* **Records supplied**
BEGIN

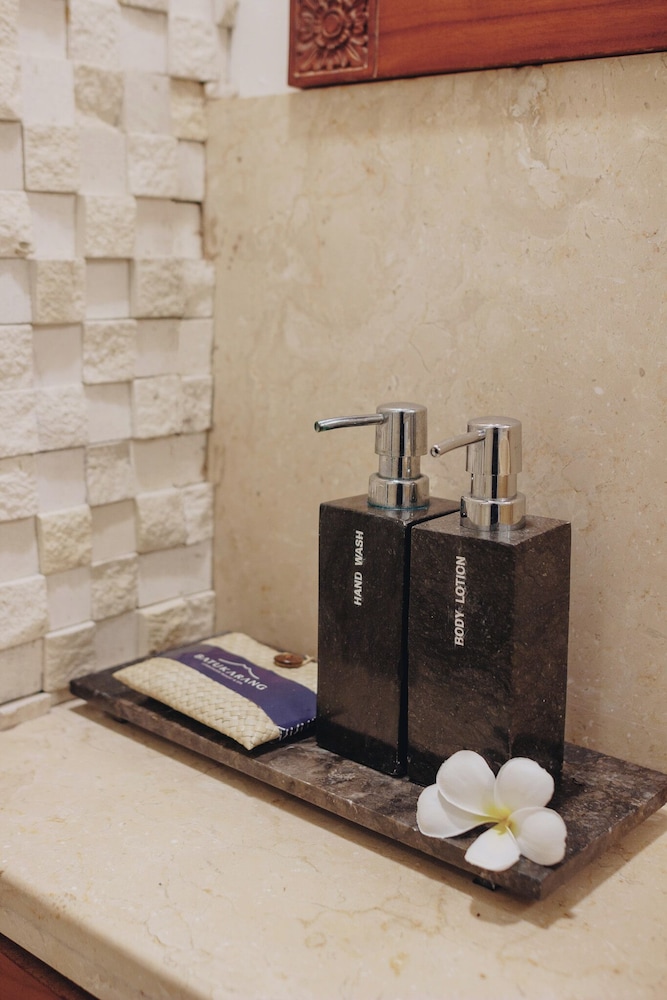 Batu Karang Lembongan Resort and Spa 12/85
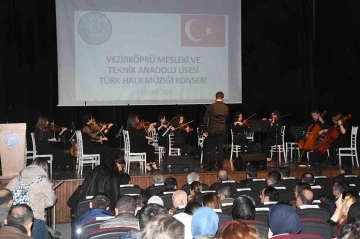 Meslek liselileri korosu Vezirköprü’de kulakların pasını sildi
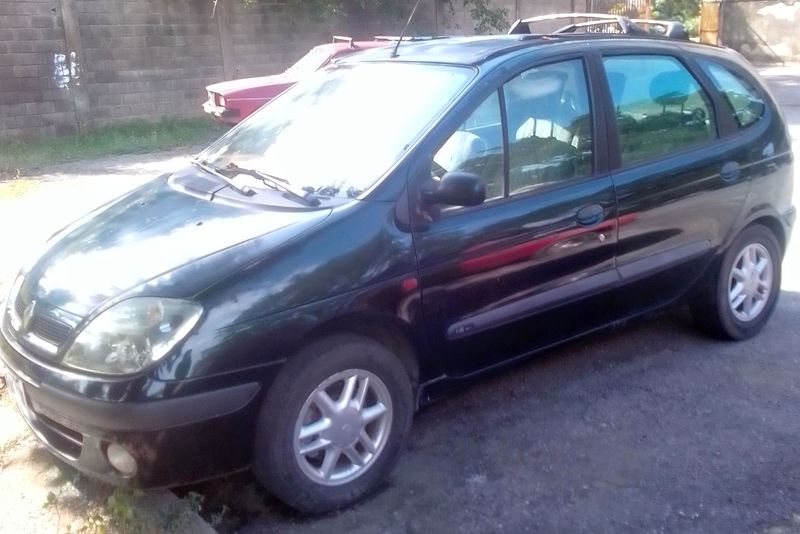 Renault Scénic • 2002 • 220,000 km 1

END
BEGIN

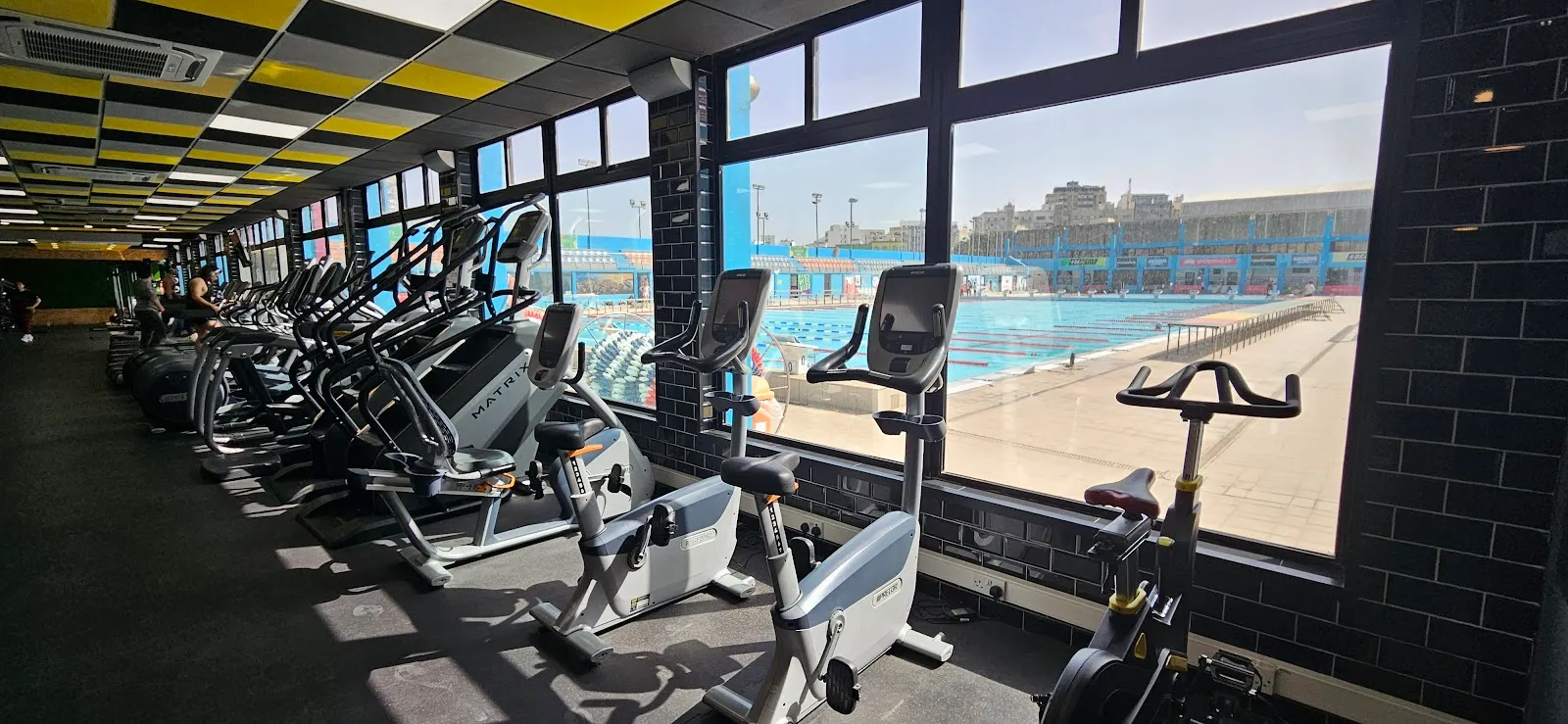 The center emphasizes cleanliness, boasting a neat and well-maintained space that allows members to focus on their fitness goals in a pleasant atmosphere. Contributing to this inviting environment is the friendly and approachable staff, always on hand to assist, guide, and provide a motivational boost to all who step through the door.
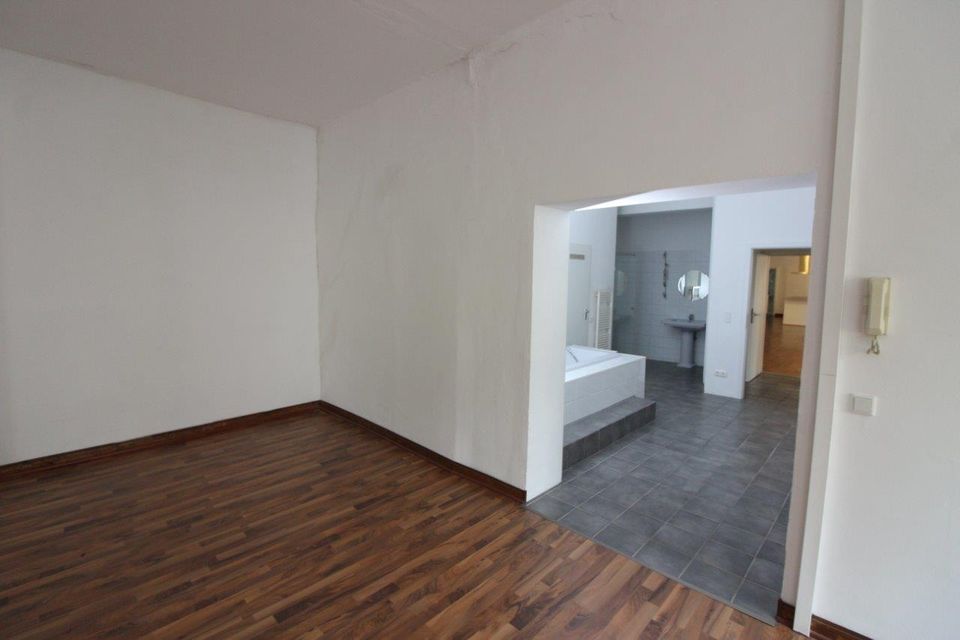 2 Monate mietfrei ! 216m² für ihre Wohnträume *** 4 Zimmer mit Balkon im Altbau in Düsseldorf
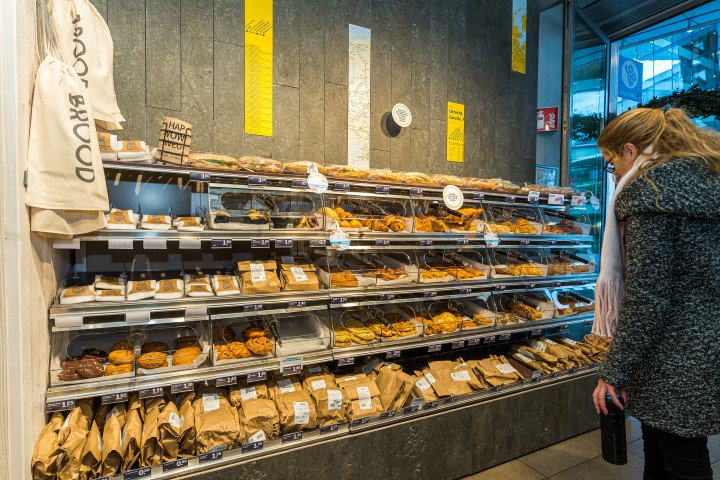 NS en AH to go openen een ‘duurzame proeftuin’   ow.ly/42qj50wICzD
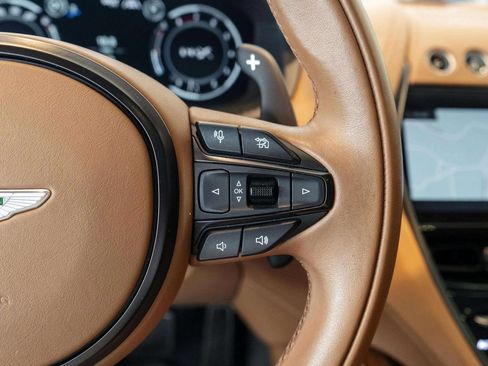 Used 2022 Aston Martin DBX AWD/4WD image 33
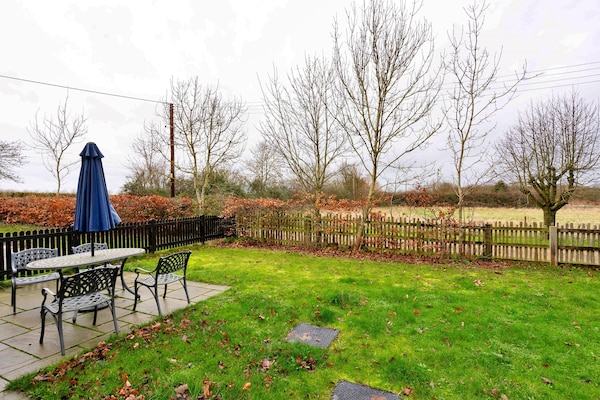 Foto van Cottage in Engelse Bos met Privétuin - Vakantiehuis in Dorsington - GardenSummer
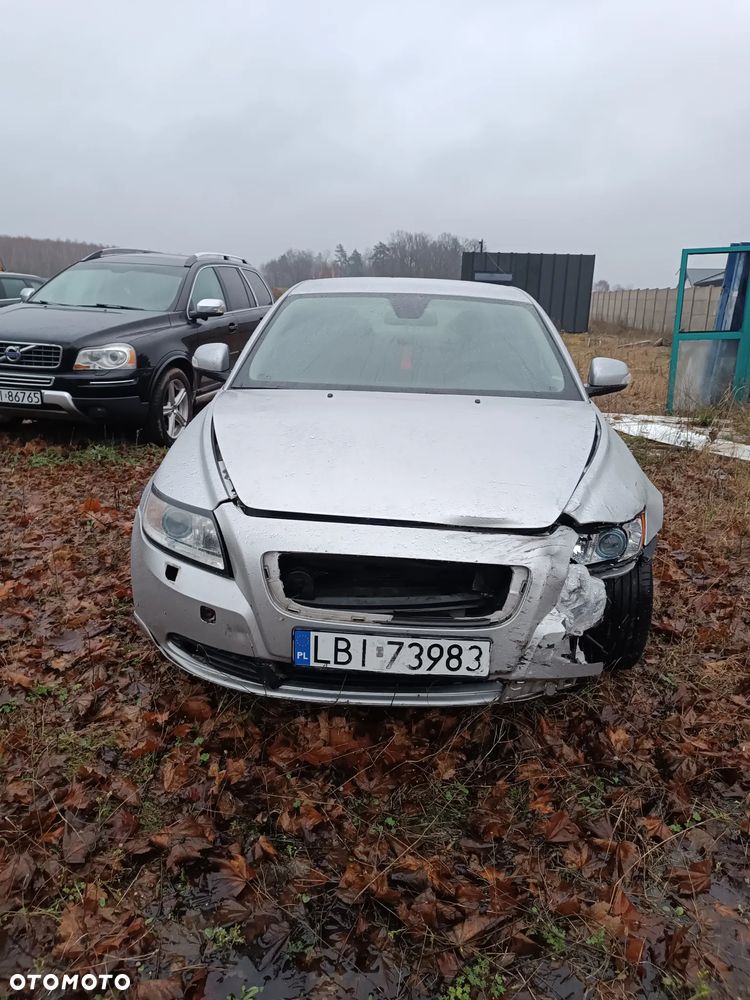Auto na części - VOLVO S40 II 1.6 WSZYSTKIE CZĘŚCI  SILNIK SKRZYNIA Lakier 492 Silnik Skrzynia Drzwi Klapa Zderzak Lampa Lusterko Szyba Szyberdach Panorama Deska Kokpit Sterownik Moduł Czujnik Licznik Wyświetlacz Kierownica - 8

END
BEGIN

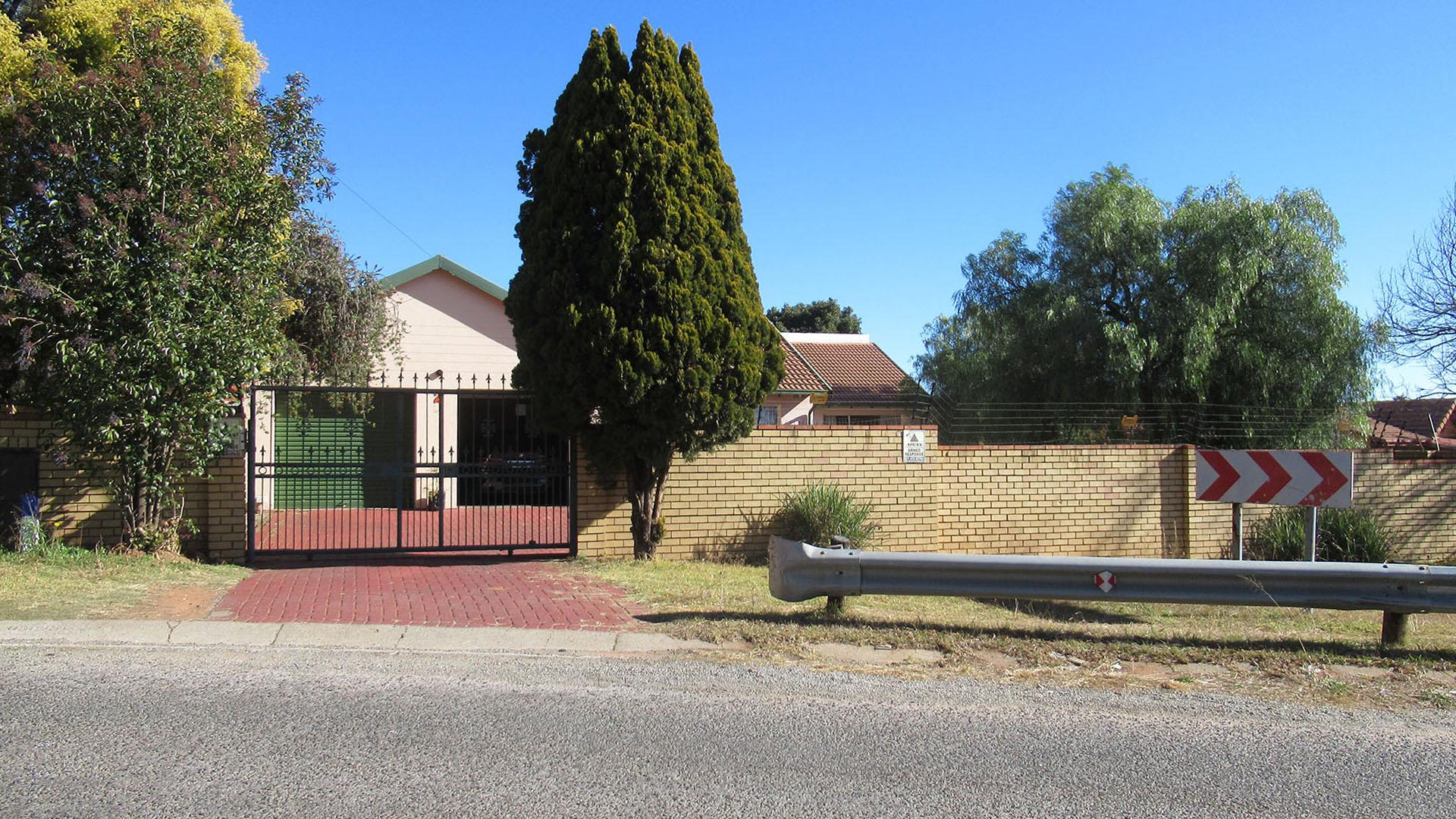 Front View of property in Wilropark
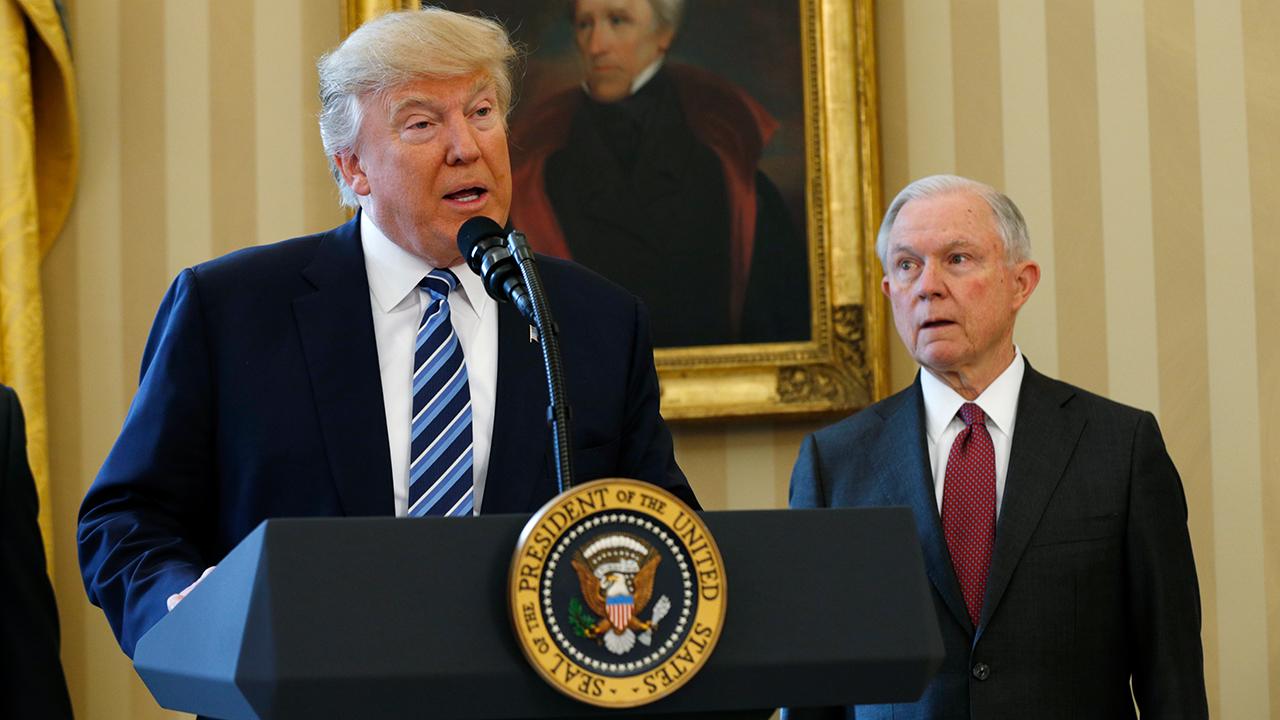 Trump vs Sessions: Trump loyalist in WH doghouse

END

* **Work item**
Look above for the line with "Batu Karang Lembongan Resort and Spa 12/85" and the line with "Renault Scénic • 2002 • 220,000 km 1". Output those two and everything between them exactly, pictures excluded.

* **Exercise answer**
 Batu Karang Lembongan Resort and Spa 12/85
 Meslek liselileri korosu Vezirköprü’de kulakların pasını sildi
 Renault Scénic • 2002 • 220,000 km 1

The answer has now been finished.